A string trimmer, weed eater, or weed whacker as it’s more frequently called, is a tool everyone that has a lawn should own. They’re used to trim hedges, or around the edge of your yard, to keep walkways and your yard free of weeds and looking good.  

Unfortunately, like a lot of home and garden tools, they can get pretty expensive. Thankfully, there are some really decent models sold that don’t require a huge budget to purchase. If you don’t have a lot of money, here is what you should keep in mind when looking to buy a string trimmer. 

Electric or Battery Operated  

If you’re on a budget, the weed whacker you purchase needs to be either electric, meaning it’s operated via an extension cord, or ran by a battery. Gas powered weed eaters are just way too expensive to get if you don’t have a lot of money. Plus, unless you have a literal gigantic yard, you’re never going to really need all the extra power that comes with a gas-powered trimmer. Battery and electric models have more than enough power to tackle any trimming jobs you may have. 

Cutting Path  

The cutting path, or diameter, is how large of an area the trimmer cuts when in use. I like to have at least nine inches of path, because it ensures that I’m able to cut pretty much anything I come across. So, whichever weed eater you ultimately decide to purchase should have at least a nine-inch path as well. 

Cord Retention  

This only applies if the trimmer you decide to get is electric and requires a cord. There needs to be a cord retention system, meaning there should be some sort of lock that keeps your extension cord plugged into your tool that makes sure it doesn’t accidentally come unplugged. It’s a lot safer to use as such. 

Low Weight  

A low weight is important because you’re holding your trimmer at arm’s length pretty much the entire time you use it. For that reason, I like trimmer that are ten pounds or fewer. 

Here are some things that you may want out of a trimmer, but aren’t a necessity. 

Rotating Handle  

Some weed eaters feature rotating handles. This is done so that the head can turn on its side and your trimmer can be used as an edger. I don’t think this is crucial because you could always just turn the trimmer on the side if you wanted to do that. It’s what I have done my whole life while trimming my grandmother’s yard. 

Telescoping Handle   

A handle that adjusts is good to have because not everyone is the same height. If you are really tall and buy a trimmer with a short little handle, your back might hurt a bit more during use, which is the benefit of telescoping handles. They're not an absolute must have though. 

Auto-Line Feed  

Most weed eaters come with a feature that automatically feeds line through as you’re trimming so you don’t have to worry about running out. However, some still require you to bump the head of the trimmer against the ground to feed the line. Auto-feeders are useful, but not necessary.     
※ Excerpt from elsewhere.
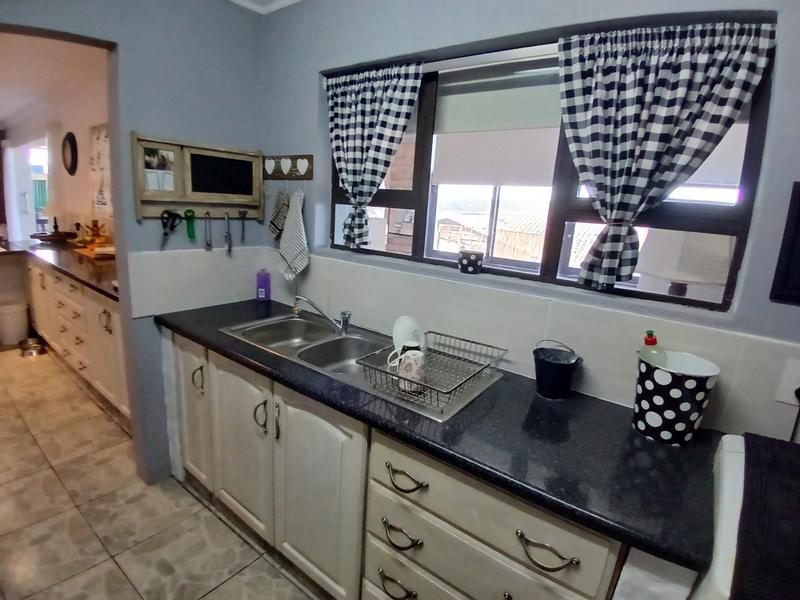 4 Bedroom Property for Sale in Stilbaai Wes Western Cape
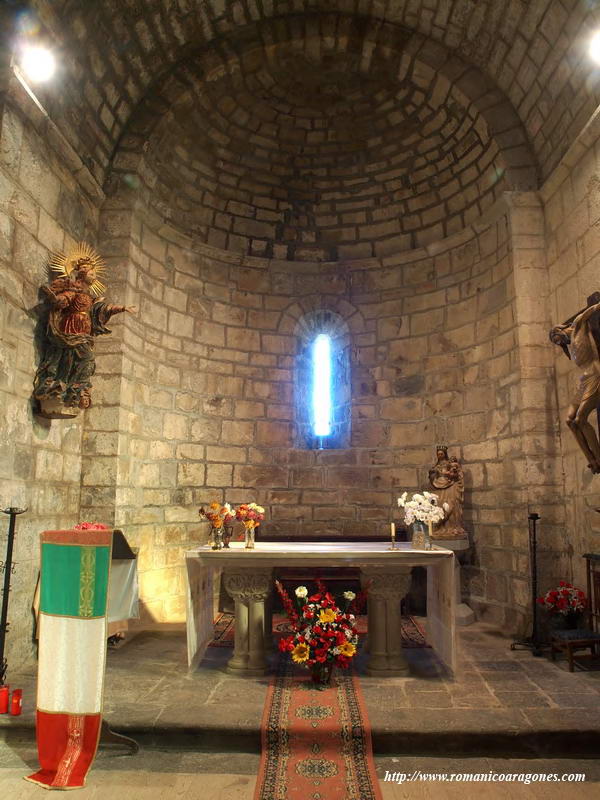 INTERIOR HACIA LA CABECERA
Like usual, warranties are good because they give you a bit of peace of mind with your purchase. But they’re not really a must have type thing. 

Don’t worry too much about the voltage or amp rating when it comes to electric and battery-powered trimmers. They all are fairly similar. As I stated above, unless you have a gigantic yard, every trimmer on this list will have more than enough power to do anything you need. 

GreenWorks, Black & Decker (in terms of some of the lower end models) and Worx all make great budget trimmers. Husqvarna, Poulan Pro and Ryobi should all be avoided. They’re too expensive. 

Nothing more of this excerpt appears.